Assignment: Return only the stretch of the material below that begins with the line containing "Hotel Floats By H2otel Rotterdam" and ends with the line containing "It 輸入盤 【CD】", exactly; both of those lines belong to it.

Information given:
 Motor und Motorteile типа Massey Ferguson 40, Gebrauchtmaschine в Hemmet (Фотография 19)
* * *
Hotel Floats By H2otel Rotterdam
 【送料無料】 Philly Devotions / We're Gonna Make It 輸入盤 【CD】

Solution for this task:
Hotel Floats By H2otel Rotterdam
 【送料無料】 Philly Devotions / We're Gonna Make It 輸入盤 【CD】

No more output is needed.